Der Artikels 5 des Grundgesetzes schützt die Meinungs- und Pressefreiheit in Deutschland.

Informationskrieg, Fake-News, digitaler Hass: Warum der unabhängige Journalismus wichtiger denn je ist. Ein Leitartikel von Friedrich Roeingh.

Anzeige

Wiesbaden/Mainz. Beginnen wir mit dem kritischsten und vielleicht auch bekanntesten Zitat zum Thema: „Pressefreiheit ist die Freiheit von zweihundert reichen Leuten, ihre Meinung zu verbreiten.” Das Zitat stammt ausgerechnet von Paul Sethe, einem der Gründungsherausgeber der „Frankfurter Allgemeinen Zeitung”. Sethe ging es 1965 mit seinem provokanten Einwurf darum, dass in den 60-er Jahren kein Publizist mehr ohne reichen Kapitalgeber eine Zeitung gründen konnte - die erste Welle der Pressekonzentration hatte gerade eingesetzt. Und es ging Sethe wohl auch darum, die von einer Stiftung getragene FAZ gegen die Vielzahl konkurrierender (Regional)Zeitungen abzuheben, die von Verlegern herausgegeben wurden.

Sethes Spruch wurde dann ausgerechnet von den 68ern und deren Nachfolgern gekapert, um die bürgerliche Presse zu diskreditieren. Heute gibt es kaum ein Land in der Welt, das trotz der dramatischen Erlöskrise der Zeitungen noch eine solche Medienvielfalt aufweist wie Deutschland. Eine Vielfalt, die auch nach Ansicht Unbeteiligter einen entscheidenden Beitrag zur Stabilität unserer Demokratie leistet.

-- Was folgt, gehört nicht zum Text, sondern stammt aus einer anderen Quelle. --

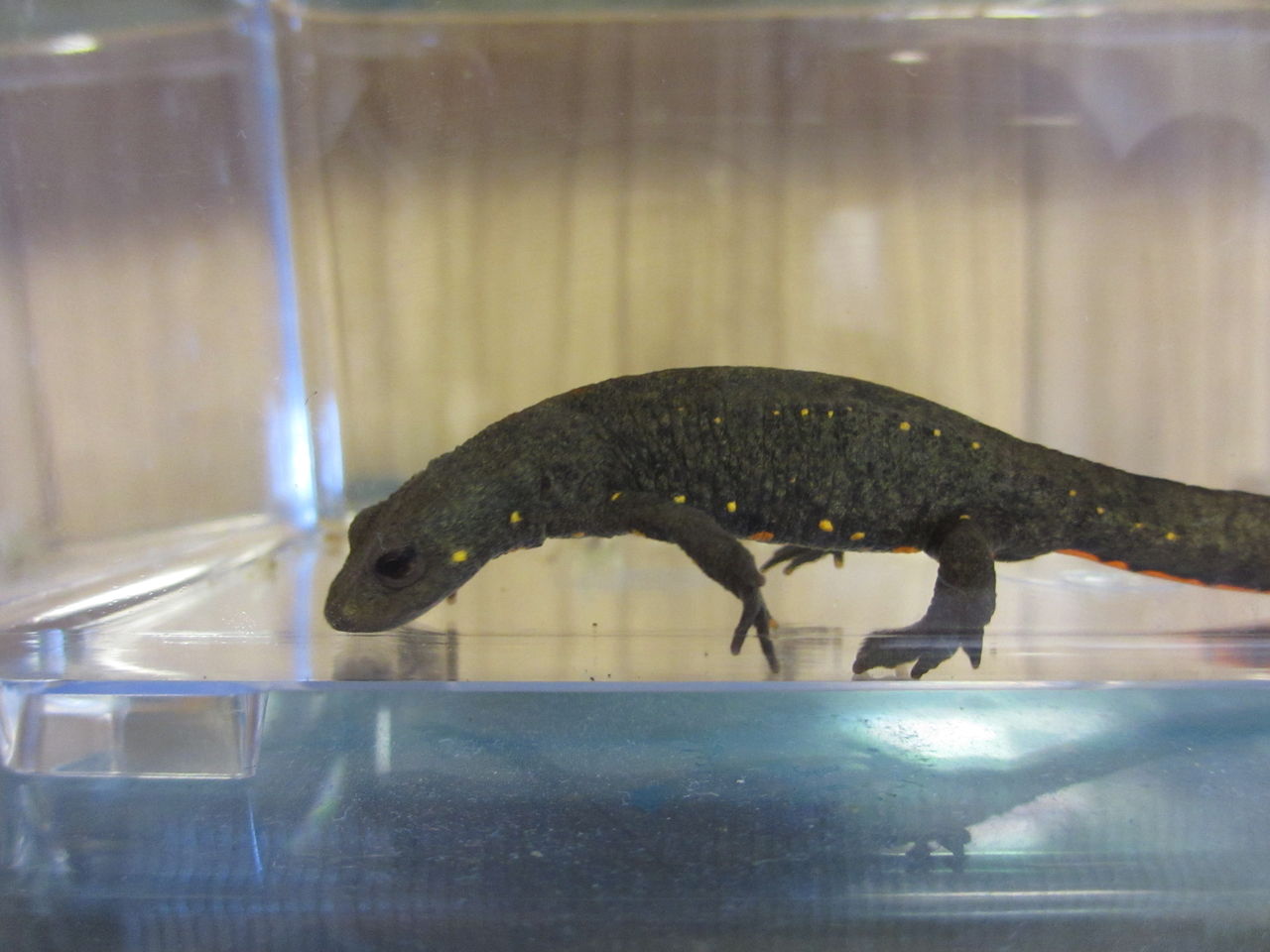 シナコブイモリ （Paramesotriton chinensis ） 新規導入 : イモリ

Dagegen gehören die Verlegertypen, die dazu neigen, ihren Redaktionen in die Berichterstattung hineinzuregieren, weitgehend der Vergangenheit an - außer offenbar bei Axel Springer.

Autokraten beschneiden als Erstes die Freiheit der Medien

Nicht zufällig beschneiden Autokraten bevorzugt die Unabhängigkeit der Medien, wenn sie durchregieren und ihre Macht gegen jedwede politische Konkurrenz zementieren wollen. Dafür hätte man längst den Begriff des publizistischen Putschs etablieren sollen. Das gilt nicht nur für Putins Russland und Erdogans Türkei. Wer wissen will, was durch diese Entwicklung auch in Europa auf dem Spiel steht, muss nur nach Orbans Ungarn und Kaczynskis Polen schauen - für die wiederum die Berlusconisierung der italienischen TV-Landschaft ein Vorbild war.  

Anzeige
Zum Tag der Pressefreiheit am 3. Mai: die Karikatur "Schmutzige Bomben" von Heiko Sakurai.
Zum Tag der Pressefreiheit am 3. Mai: die Karikatur "Schmutzige Bomben" von Heiko Sakurai. (© Heiko Sakurai)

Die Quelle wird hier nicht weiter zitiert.